▶ _Source data_

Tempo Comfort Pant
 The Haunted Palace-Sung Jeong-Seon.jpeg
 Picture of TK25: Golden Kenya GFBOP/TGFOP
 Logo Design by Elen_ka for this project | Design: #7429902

▶ _Work to complete_
Set down exactly the lines from the one that contains "The Haunted Palace-Sung Jeong-Seon.jpeg" to the final line above, both included, and nothing more.

▶ _Solution below_
 The Haunted Palace-Sung Jeong-Seon.jpeg
 Picture of TK25: Golden Kenya GFBOP/TGFOP
 Logo Design by Elen_ka for this project | Design: #7429902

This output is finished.